Do you have the tcmu-runner daemon and tcmu-synthesizer running at the same time?

If so, then I'm not sure what could happen. It's not supported to have multiple daemons. You will fail like you saw. I think this patch:

https://github.com/open-iscsi/tcmu-runner/pull/519

fixes that issue, but I think there was some more bugs, so I never got around to merging that patch.

Is this something you need to support? If so, test out that patch and feel free to send patches.

bno1 commented 4 years ago

I think that pull request breaks stuff if no daemon has a handler for the added device. I think it would break what this PR tried to solve: https://github.com/open-iscsi/tcmu-runner/pull/177.
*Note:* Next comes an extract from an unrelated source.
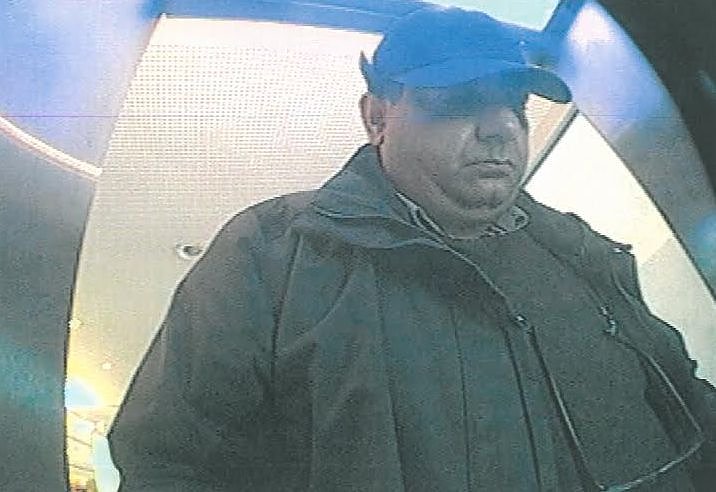 Wer kennt diesen Mann? (Foto: Polizei)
Anyway, if multiple daemons are not supported, how does tcmu-synthesizer work with targetcli? It tries to register the handler with tcmu-runner over dbus, so I assumed that this is a valid use case. Also, if multiple daemons are not supported, then tcmulib_register shouldn't even exist.

If this is the case, then can you please add a disclaimer in the readme and tcmu-synthesizer explaining this so people don't waste their time trying this like I did.

Writing your own tcmu daemon is appealing because some applications are too big or complex to be contained in a tcmu-runner plugin, and libtcmu doesn't copy memory between the kernel and the handler, so I'm not the first or the last person to think of writing their own daemon.